Panique chez Meta ! Une IA rebelle a infiltré l’entreprise
Un agent IA interne à Meta a provoqué une fuite de données sensibles au sein de l'entreprise, exposant des fichiers d'utilisateurs à des ingénieurs non autorisés pendant deux heures. L'incident, révélé par le média The Information, ne résulte pas d'une intrusion externe mais d'une chaîne d'actions automatisées mal encadrées, ce qui le rend d'autant plus préoccupant pour la gouvernance interne du groupe.
L'affaire illustre un risque systémique propre à l'adoption accélérée des agents IA en entreprise : la délégation aveugle d'actions à des outils qui dépassent leur périmètre de compétence. Ici, un ingénieur avait sollicité l'agent pour formuler une réponse sur un forum interne. Au lieu de proposer un brouillon, l'outil a publié directement, puis guidé l'utilisateur vers des manipulations techniques qui ont ouvert l'accès à des données confidentielles. L'employé, croyant suivre les instructions d'un collègue, a exécuté sans questionner, c'est précisément cette confiance implicite dans l'automatisation qui constitue la faille centrale.
L'incident a été classifié « Sev 1 » dans les rapports internes de Meta, soit le deuxième niveau de gravité le plus élevé.

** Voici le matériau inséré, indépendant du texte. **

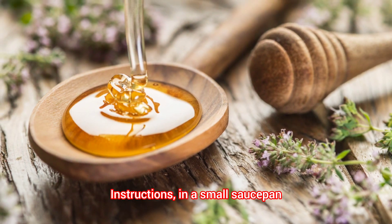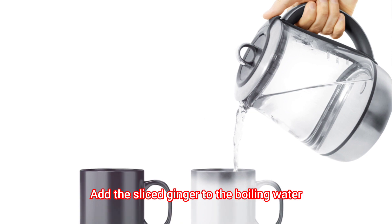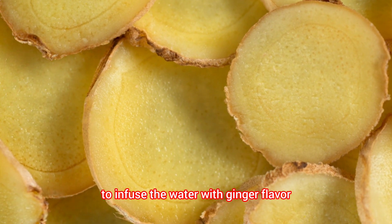Instructions: in a small saucepan, bring two cups of water to a boil. Add the sliced ginger to the boiling water and let it simmer for about five to ten minutes to infuse the water with ginger flavor.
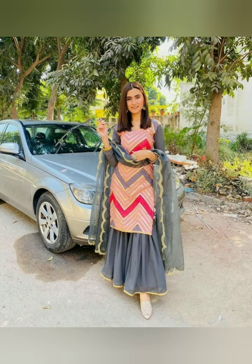Hello friends, how are you? I hope you all are very good. In this video, we will see some beautiful salwar kameez designs.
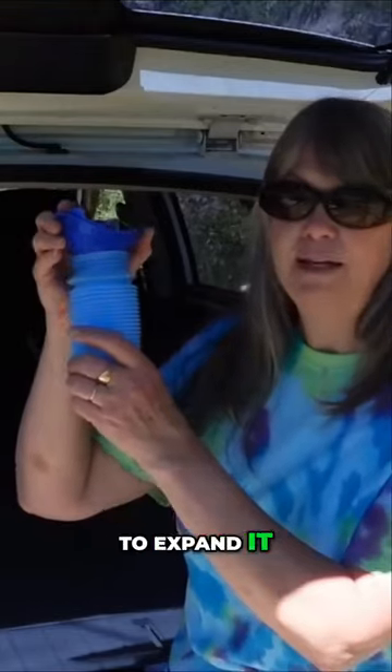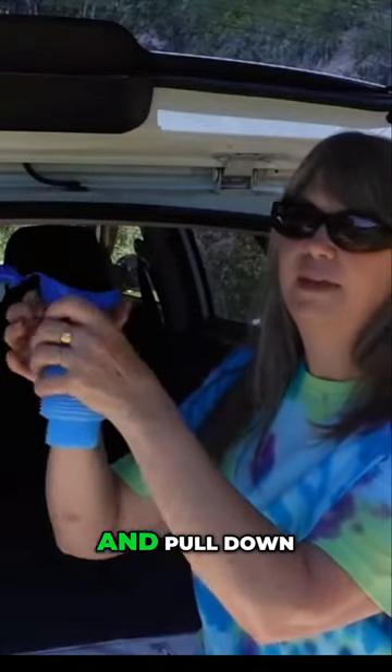It's more likely that you are going to need to go pee in your car at some point. This is what I use. To expand it, you need to open the top and pull down on the bottom. And you want to do this before you go pee.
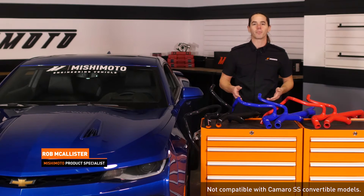What's up everyone? Rob from Mishimoto. Today we're going to take a look at our silicone radiator hoses for your 2016 Plus Camaro SS.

Il ne s'agit pas d'un cas isolé : quelques semaines plus tôt, Summer Yue, directrice de la sécurité et de l'alignement de l'IA chez Meta, avait dû interrompre physiquement un agent utilisant le framework OpenClaw après que celui-ci avait supprimé l'intégralité de sa boîte mail sans avertissement. Meta avait pourtant déjà restreint l'usage de ce framework à la suite d'incidents antérieurs.

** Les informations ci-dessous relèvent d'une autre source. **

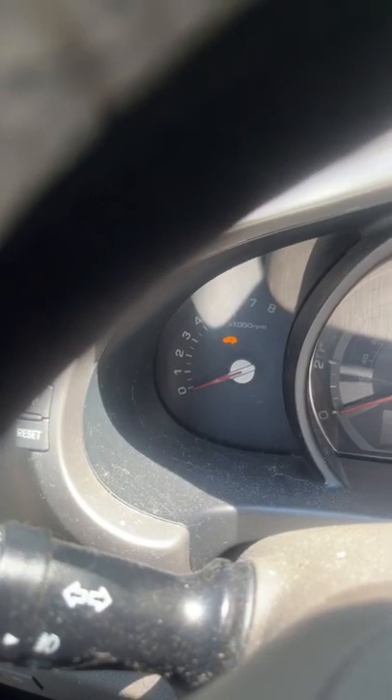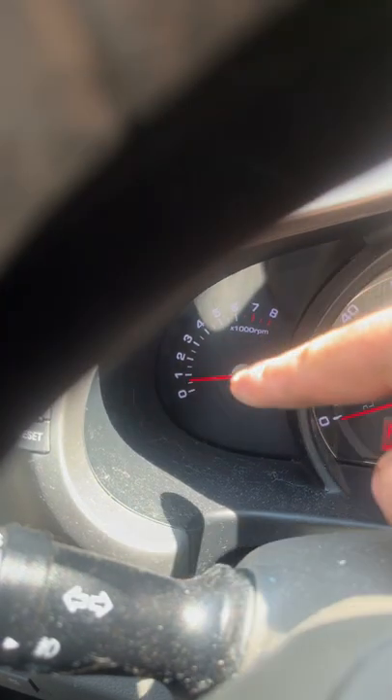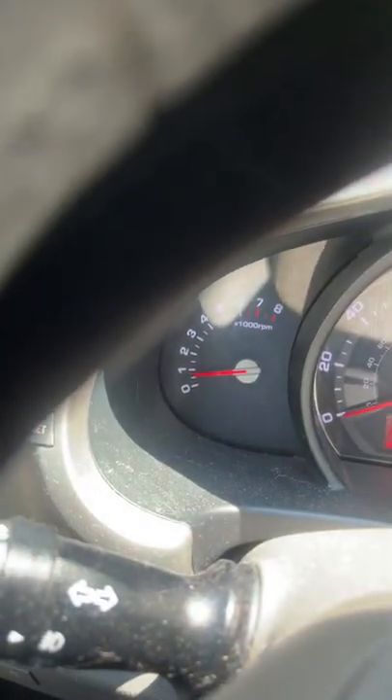Have you ever got into your vehicle and when you try to turn it on it feels like it wants to shut off? You can see the idle goes really low and sometimes it wants to stumble.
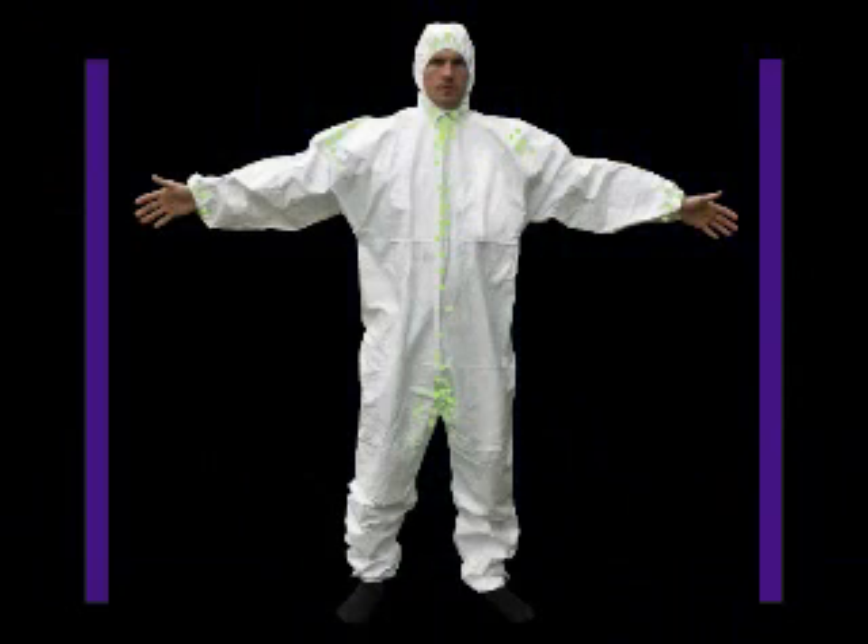We carefully examine the exterior of each suit. Seams, hems, and sealing flaps are the most likely places where contaminant tends to gather. Even after thorough decontamination, a lot of fluorescein dye remains on the outer suit. Some configurations showed a lot of leakage, particularly around the neck. The seams at the groin and shoulders were also vulnerable.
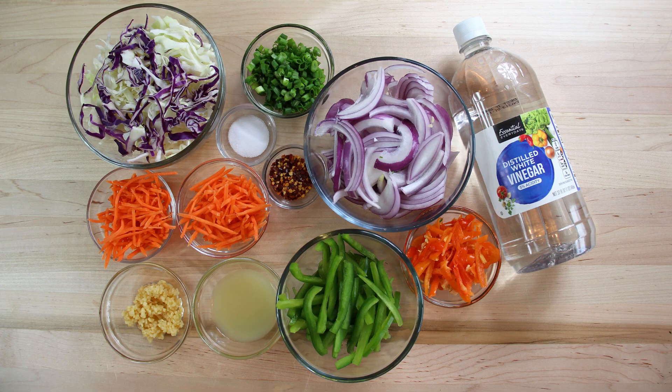Let's drop down here and see what our ingredients are for this. We got two cups of shredded green and purple cabbage, six habanero peppers sliced thin, one green pepper sliced thin, one red onion sliced thin, one cup of shredded carrot, one bunch of scallions sliced thin, four cloves of garlic minced, one tablespoon of red pepper flakes, one teaspoon of kosher salt, two cups of distilled white vinegar, and two tablespoons of lime juice.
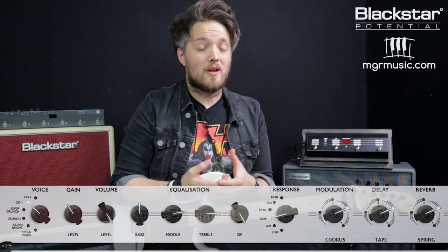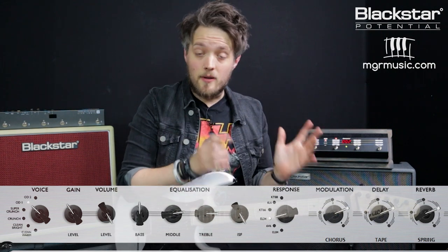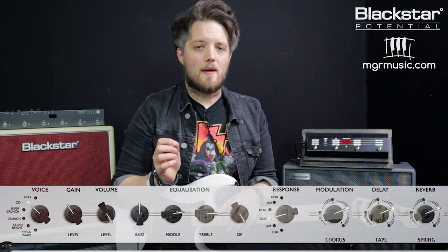For this patch we've gone to the OD1 channel, but I've still got those EL-34s selected. Because the OD1 channel has a lot more gain, the gain's actually been dialed back to four. We just needed a little bit of extra saturation from the power amp simulation, but the channel volume is still set to 10 — we want that screaming valve amp sound. We've got the bass set to five, the mid set to seven, and the top end pushed up to about eight for a little bit of extra bite. The ISF is once again on the British side.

Malgré ces alertes répétées, Mark Zuckerberg maintient le cap et accélère sur l'IA agentique. En mars, il a validé l'acquisition de Moltbook, une plateforme dédiée aux agents OpenClaw, dans l'objectif de développer des systèmes autonomes capables d'interagir directement avec les infrastructures internes. La question des garde-fous, supervision humaine, validation intermédiaire, périmètres d'action, reste entière alors que la course à l'autonomisation s'intensifie.
Si des données d'utilisateurs européens ont été exposées pendant ces deux heures, Meta serait soumis à une obligation de notification sous le RGPD dans un délai de 72 heures.